B.S. – O Redimunho sempre valorizou o processo coletivo e a construção colaborativa. Como foi a criação da personagem em diálogo com o restante do elenco e da equipe? Quais contribuições coletivas te ajudaram a moldar o percurso da sua personagem ao longo dos ensaios?
G.G. – O processo é sim bastante coletivo e colaborativo, mas até certo ponto. As funções dentro do coletivo sempre foram bem definidas. Tem responsável para quase tudo, para direção, para produção, para os figurinos, para cenário, para a música, para a iluminação e assim por diante. Esse responsável organiza e direciona os trabalhos e aí entra a força do coletivo para executar. Os estudos são bastante coletivos, os debates, as trocas de experiências. Mas em relação à criação das personagens, quando estas já foram definidos, depois das leituras iniciais da dramaturgia, dos trabalhos de mesa, chega uma hora no processo que é você com você mesmo. A direção sinaliza os caminhos, desenha um esboço, te mostra a direção vislumbrada e os atores tem que trazer o material, tem que vir para cena, oferecer possibilidades. É trabalho de atriz, de ator. Você vai pra casa, estuda, pesquisa, busca referências. Apresenta uma proposta e toma uma surra. Volta, revê os caminhos, os apontamentos, reapresenta, reensaia. Sem isso a direção não opera. Claro que inúmeras vezes esbarramos em dificuldades. Daí geralmente formamos pequenos núcleos dentro do coletivo para nos ajudarmos, com olhares diferentes, experiências diversas. Cada um tem um repertório, quem está de fora, talvez vendo alguma possibilidade que eu em cena não esteja enxergando, pode me ajudar com uma intenção, algum movimento, uma pausa. Assim vamos nos ajudando e a direção artística amarra tudo, dá o tom do espetáculo, faz os ajustes necessários até chegarmos ao resultado final, se é que isso exista, pois o espetáculo é dinâmico e ajustes são feitos constantemente.
B.S. – O espetáculo traz uma crítica evidente à precarização da produção artística e expõe, de forma metafórica, as tensões nos bastidores culturais, especialmente no teatro de grupo. Como você enxerga hoje a relação entre a criação artística e as formas de produção e financiamento? É possível sustentar uma pesquisa continuada sem ceder às pressões do mercado e das lógicas de consumo?

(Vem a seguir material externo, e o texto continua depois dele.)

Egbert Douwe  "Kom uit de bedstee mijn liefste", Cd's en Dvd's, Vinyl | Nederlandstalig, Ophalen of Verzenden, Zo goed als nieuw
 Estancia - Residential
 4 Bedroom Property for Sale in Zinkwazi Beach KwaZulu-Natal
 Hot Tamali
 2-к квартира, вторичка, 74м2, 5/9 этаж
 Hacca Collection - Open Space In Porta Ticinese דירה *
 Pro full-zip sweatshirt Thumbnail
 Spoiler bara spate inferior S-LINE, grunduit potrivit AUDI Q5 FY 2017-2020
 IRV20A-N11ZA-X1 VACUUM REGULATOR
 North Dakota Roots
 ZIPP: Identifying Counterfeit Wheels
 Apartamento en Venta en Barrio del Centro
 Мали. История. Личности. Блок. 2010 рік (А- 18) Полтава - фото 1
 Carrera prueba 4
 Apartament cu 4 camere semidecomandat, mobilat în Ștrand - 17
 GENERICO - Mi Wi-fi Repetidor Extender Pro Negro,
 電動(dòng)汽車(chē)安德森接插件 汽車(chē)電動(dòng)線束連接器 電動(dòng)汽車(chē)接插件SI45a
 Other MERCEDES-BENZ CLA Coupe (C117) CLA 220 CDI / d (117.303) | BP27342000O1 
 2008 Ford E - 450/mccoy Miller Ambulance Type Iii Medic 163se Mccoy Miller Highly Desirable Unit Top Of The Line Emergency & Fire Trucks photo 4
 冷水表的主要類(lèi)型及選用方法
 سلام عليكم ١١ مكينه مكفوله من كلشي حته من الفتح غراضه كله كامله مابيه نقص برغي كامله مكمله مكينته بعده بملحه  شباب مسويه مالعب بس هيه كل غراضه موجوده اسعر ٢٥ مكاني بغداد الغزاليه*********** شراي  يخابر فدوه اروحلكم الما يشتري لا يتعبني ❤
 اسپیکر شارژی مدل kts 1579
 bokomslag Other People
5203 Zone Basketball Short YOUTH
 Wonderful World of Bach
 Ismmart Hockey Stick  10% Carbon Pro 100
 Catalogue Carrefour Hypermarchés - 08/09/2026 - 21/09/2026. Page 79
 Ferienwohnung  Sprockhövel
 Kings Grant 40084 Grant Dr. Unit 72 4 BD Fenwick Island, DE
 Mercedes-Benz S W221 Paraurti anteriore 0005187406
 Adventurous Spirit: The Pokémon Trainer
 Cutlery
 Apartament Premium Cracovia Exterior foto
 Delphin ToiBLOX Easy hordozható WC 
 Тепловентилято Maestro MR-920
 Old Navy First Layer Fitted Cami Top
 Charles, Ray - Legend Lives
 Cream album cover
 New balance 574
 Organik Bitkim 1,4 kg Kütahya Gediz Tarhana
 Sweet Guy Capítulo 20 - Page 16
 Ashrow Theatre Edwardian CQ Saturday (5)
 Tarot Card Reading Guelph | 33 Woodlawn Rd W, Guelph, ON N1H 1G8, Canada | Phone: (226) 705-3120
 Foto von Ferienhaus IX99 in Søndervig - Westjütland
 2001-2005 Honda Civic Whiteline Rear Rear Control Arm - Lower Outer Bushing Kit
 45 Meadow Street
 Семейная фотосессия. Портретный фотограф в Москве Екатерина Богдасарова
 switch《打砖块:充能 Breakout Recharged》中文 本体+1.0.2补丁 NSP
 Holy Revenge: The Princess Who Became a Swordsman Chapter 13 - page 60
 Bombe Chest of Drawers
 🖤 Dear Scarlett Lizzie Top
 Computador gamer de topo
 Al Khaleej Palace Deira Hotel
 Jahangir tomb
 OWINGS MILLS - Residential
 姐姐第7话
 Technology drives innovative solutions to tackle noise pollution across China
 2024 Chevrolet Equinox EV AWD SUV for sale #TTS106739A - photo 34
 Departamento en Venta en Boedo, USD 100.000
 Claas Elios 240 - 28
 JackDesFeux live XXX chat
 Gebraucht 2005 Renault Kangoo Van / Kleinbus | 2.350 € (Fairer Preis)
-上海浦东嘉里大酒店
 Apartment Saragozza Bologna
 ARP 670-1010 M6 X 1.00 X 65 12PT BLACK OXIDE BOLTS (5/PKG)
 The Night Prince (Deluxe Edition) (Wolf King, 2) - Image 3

G.G. – Trabalhos como estes que fazemos não se sustentam no mercado. Precisam das políticas públicas culturais. São trabalhos extensos, com muitas pessoas envolvidas (23 pessoas neste trabalho), num cronograma com duração longa e intenso de atividades, nas quais propomos pesquisa inédita, dramaturgia inédita, figurinos, cenários, tudo é criado especificamente para cada um dos nossos espetáculos. É uma lógica que vai na contra mão do capital, porque não temos a preocupação de fazer “o que vende”, não geramos lucro. Fazemos espetáculos em espaços não convencionais e estes espaços geralmente são tombados pelo patrimônio histórico, ou possuem limitações de público, por características desses espaços e por segurança também. A conta não fecha. Acredito que oferecemos vivências artísticas. Nossas propostas são mais intimistas, mais próximas do público, são bastante sensoriais, sinestésicas. Não cabem na gaveta dos teatros com capacidade para 600-1000 lugares. Eu adoro todo tipo de produção, assisto a tudo e não faço juízo de valor aqui. Trata-se de um modo de produção pelo qual optamos para nos dedicar. Eu optei. É nesse lugar que me encontro como artista. E essa escolha traz junto às dificuldades de se produzir, pois o gargalo das políticas públicas culturais está cada vez mais estreito. Competimos constantemente com companheiros de luta, de arte, nestes editais. O dinheiro não dá conta de tantos grupos, coletivos incríveis que existem e, inevitavelmente, alguns são contemplados e a maioria não. Essa é nossa precarização. Nossa continuidade enquanto grupo, como modo de produção, está sempre ameaçada. Esse nosso formato de trabalho não interessa ao mercado. Não é vendável, não é rentável. É uma escolha. Fazemos o que queremos fazer e o preço a pagar por isso é não se ajustar às lógicas de consumo, viver na corda bamba, porém fazendo aquilo que acreditamos.